IO, throughput and blocking: a simple model
A simple model
Continuing with oversimplification, here I’ll present a model that describes throughput for a blocking and non-blocking IO process where messages have to be sent across a communication channel. This channel is characterized by two parameters, bandwidth and latency, that together with a third parameter, message size, completes the model. Thus
m = message size — the size of the messages to be sent
b = bandwith — the channel’s capacity, data that can be sent per unit time
l = latency — round tri,p time for a ping message
and what we want to identify is the throughput, as a function of these parameters
t = throughput — messages processed per unit time = f(m, b, l)
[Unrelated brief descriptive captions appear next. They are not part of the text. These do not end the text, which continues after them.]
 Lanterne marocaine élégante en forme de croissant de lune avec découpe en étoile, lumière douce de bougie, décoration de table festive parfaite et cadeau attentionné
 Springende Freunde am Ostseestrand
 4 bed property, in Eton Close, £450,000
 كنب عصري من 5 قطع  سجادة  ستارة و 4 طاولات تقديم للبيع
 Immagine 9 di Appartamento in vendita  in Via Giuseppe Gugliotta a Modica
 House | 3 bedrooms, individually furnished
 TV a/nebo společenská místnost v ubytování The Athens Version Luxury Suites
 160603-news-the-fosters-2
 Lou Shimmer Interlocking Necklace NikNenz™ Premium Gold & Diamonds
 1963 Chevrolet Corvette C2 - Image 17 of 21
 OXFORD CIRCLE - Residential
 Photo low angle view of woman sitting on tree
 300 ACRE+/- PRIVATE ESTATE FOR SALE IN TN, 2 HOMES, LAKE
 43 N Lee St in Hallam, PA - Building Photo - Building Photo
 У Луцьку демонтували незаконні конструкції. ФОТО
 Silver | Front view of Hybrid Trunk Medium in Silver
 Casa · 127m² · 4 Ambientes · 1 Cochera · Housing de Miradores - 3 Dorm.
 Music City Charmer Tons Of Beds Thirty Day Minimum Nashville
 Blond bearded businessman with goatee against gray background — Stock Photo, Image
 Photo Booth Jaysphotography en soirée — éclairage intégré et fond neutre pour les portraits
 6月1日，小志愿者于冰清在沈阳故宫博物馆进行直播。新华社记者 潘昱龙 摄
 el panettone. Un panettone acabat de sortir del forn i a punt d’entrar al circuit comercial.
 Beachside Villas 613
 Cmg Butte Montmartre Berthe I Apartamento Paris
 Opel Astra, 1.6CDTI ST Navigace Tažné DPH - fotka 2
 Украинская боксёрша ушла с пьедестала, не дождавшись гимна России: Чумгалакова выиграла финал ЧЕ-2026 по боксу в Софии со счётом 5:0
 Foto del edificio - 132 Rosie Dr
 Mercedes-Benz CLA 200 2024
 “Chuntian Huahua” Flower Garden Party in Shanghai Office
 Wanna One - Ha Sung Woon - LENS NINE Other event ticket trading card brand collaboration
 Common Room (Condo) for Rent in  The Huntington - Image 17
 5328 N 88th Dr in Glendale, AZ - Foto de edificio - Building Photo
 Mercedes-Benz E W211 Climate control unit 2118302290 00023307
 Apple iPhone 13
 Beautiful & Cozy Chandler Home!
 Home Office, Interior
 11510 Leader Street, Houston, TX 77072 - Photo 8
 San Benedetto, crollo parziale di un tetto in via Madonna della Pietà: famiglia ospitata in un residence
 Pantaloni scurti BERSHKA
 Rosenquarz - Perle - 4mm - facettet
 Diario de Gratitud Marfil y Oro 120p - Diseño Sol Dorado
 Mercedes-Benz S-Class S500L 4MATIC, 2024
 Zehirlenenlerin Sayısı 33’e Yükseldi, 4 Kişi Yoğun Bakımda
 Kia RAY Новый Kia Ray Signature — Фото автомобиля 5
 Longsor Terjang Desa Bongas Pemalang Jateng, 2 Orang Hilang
Throughput is defined as the amount of message replies arriving at the source per unit time, which is equivalent to the rate of messages arriving at the target under the assumption that message replies are not constrained by bandwidth. This throughput is what defines the performance of the IO process. We’ll use arbitrary units for the quantities, but you can think of message size, bandwidth and latency in the usual units (ie Kb, Kb/s, ms) if that makes it clearer.
First, the non-blocking throughput is simply the bandwidth divided by the message size
tn = b / m
this results from the assumption that non-blocking message sending will achieve 100% bandwidth utilization; the number of messages per unit time is directly given by the bandwidth.
With blocking, each message will only be sent once a reply has been received for the previous one; previous messages block subsequent ones. This causes the number of message replies that arrive at the source per unit time to not be fully constrained by bandwidth, but by bandwidth and latency. The net effect is to add a time overhead to each message’s total processing time. Since this overhead occurs per message, we first calculate transmission time for one message using available bandwidth, which is
transmission time = message size / bandwidth
the overhead is half the latency, since that is the time it takes for a message reply to arrive, triggering the next message send. So the total time per message is
total time = transmission time + return delay = m / b + l / 2
because this is the total time required for each message send, the throughput is the reciprocal
tb = 1 / (m / b + l / 2)
This is the function we were looking for. As a sanity check, we can see that if the latency is zero, the above equation reduces to the non-blocking case. This also shows that tb ≤ tn for all values.
Note that this throughput corresponds both to that of message replies and messages arriving at the destination, the important point is that the latency blocks further sends, besides adding time to the roundtrip reply. Finally, if delays corresponding to message processing were variable, the term l / 2 would have to be substituted with the average processing time plus half the latency to yield an average throughput.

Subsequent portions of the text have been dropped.